Iconic car maker could follow MG Rover to Far East
Legendary British sports car firm Lotus is under threat of being sold to China, MPs have warned. In a repeat of the MG Rover fiasco, they fear up to 1,400 UK jobs could be lost and the 60-year-old business exported lock, stock
and barrel to the communist People’s Republic.
Lotus was sold 16 years ago to Malaysian car-maker Proton which developed and nurtured the firm.
This year, it was on the brink of a massive £500million expansion when a new and bigger set of Malaysian owners – the industrial conglomerate DRB-Hicom – took it over.

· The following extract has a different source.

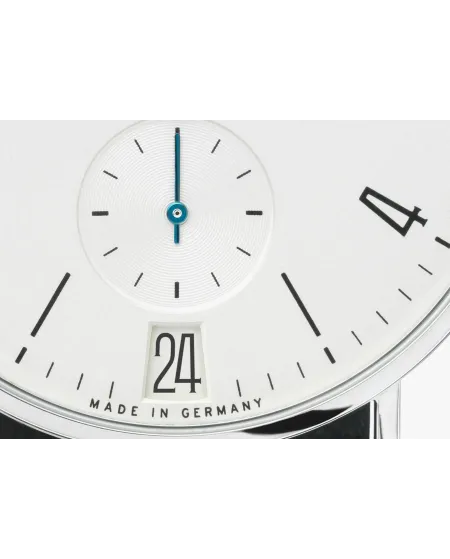 Orologio Nomos Glashütte Tangente 38 Datario con Quadrante Argento e Cinturino in Pelle Nero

This business, however, is said to have little interest in making Lotus cars and has appointed City firm KPMG to find a potential Chinese buyer, Parliament has been told.
DRB-Hicom insists no decision has been taken on Lotus’s future. But it will not rule out a sell-off. Lotus chief executive Dany Bahar, on a pay and bonus package worth £1.2million, had his employment extended in December, just a month before the Malaysian deal was revealed.

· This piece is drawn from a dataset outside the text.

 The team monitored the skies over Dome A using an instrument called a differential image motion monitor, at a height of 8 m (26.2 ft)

It now includes a controversial bonus clause worth millions of pounds in the event of a sell-off which MPs were told means he is ‘incentivised to sell Lotus’.

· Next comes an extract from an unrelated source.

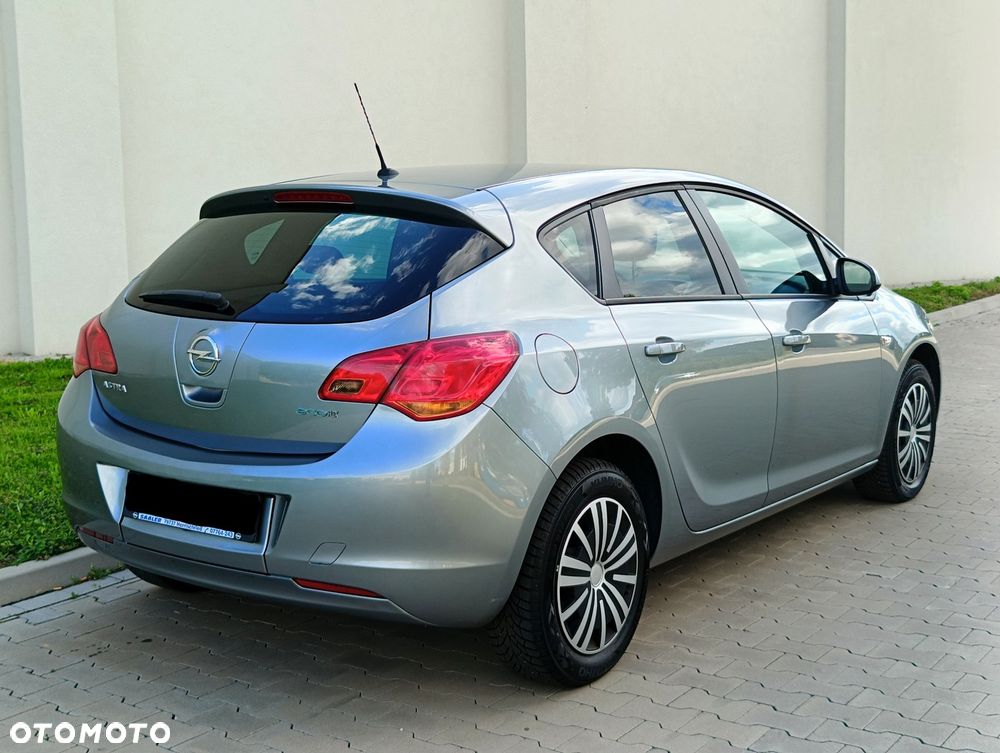 Opel Astra 1.4 EcoFLEX Start/Stop Innovation - 18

Conservative MP for South Norfolk Richard Bacon told Parliament up to 1,400 British jobs are at risk if the UK factory in Hethel, Norfolk, is dismantled and production moved to the Far East.
Ministers pledged to ‘keep Lotus in Britain’ when Mr Bacon was granted a Commons’ debate on the issue late on Tuesday.
Mr Bacon said: ‘The fact that KPMG has been appointed with a mandate to sell Group Lotus to the Chinese is not an encouraging sign.’
Business Secretary Vince Cable raised concerns with Mr Bahar on Tuesday – less than a day after the car boss’s return from Beijing where he unveiled a new model specifically for China.
The company has struggled to make a profit in recent years and it recorded pre-tax losses of £26.1million last year.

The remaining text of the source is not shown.